To Sir With Love - Originally done by Britpop starlet Lulu, she of the doey eyes and the vibrato that sits just short of Judy Garland's earthquake-rendering tremolo. Lulu did make a charming run of it, and consequently the song hit #1 way back in the early 1970s. Glee does Lulu two better. First, it's great to hear the song sung with very little vibrato, but full of emotion. But second (and this is why you really need to watch the show), the glee club basically sings its gratitude to Mr. Schuester, the director, through this song. It's poignant in the most amazing way...just ask Sue Sylvester, who was actually brought to tears when she accidentally stepped in the auditorium during the glee club's tribute. Sue Sylvester. Tears. No, I'm not kidding. (And if my description falls kinda flat, that's because I'm sidestepping a spoiler. In other words, you really, REALLY need to watch the show. Last episode of the first season, specifically.)
Don't Stop Believin' - Who'da thunk that Journey, of all groups, would have lent one of their songs to a show with as daring a conceit as Glee? Let alone make it the linchpin for the pilot episode? But there it is, a song about lost souls in the guise of barflies and prostitutes, being sung by a high school glee club. Over the course of three minutes, this song made believers of anyone who watched that pilot. Then it formed the basis for New Directions' entry in regionals. (For fun, stand up and say "New Directions" as loudly and as quickly as you can when you find yourself in your next cubicle jungle.)
Don't Rain On My Parade - Look here. I am NOT a fan of Barbra's. I just don't get her. And I saw the original version of this song on Funny Girl. (Would it have killed her to break a smile while she was singing?) But OH MY GOD. Strap me in a chair and force me to listen to Rachel's version during their sectional performance, and man, I'll be a happy kid. Hell, I'll be busting out of the straps so I can vamp and lip sync along with her. Another one where you really need to watch Rachel's performance.

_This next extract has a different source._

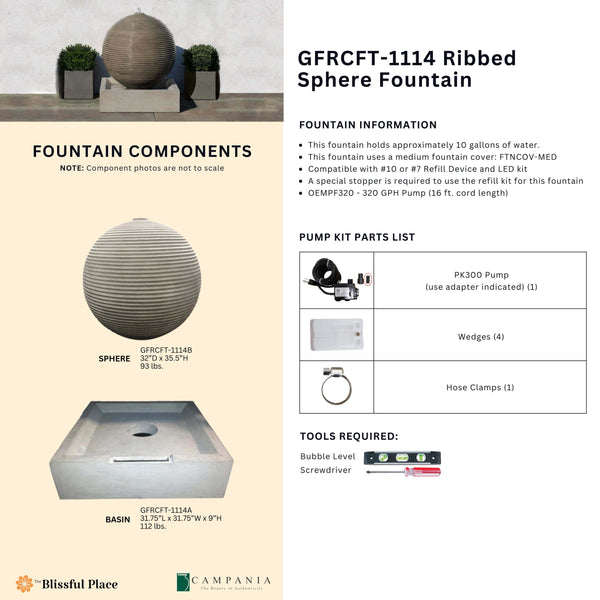 Complete overview of the Ribbed Sphere Fountain with dimensions, weights, pump kit parts, tools, and general info.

Single Ladies (Put A Ring On It) - Well, this one could cut either way. You may love it, you may hate it, but you won't forget it - at least in this context. I'd never heard the song before Glee, and my first exposure to it was Kurt Hummel, in a unitard, performing Beyonce's breathless tartlet on video before his dad unexpectedly showed up and caught him. (A very straight-acting, blue collar, seemingly homophobic dad, too.) Somehow, Kurt managed to, uh...let's let Kurt explain it. "My name is Kurt Hummel, and I'm auditioning for the role of kicker." On the football team. And with his Beyonce routine, he not only landed the "role," but managed to get the whole football team to dance to this song during the last play of The Big Game. Cheesy beyond belief. (Oh, and about that homophobic dad? Not so. Kurt comes out to his dad during this episode, and he is waaaay beyond cool about it.)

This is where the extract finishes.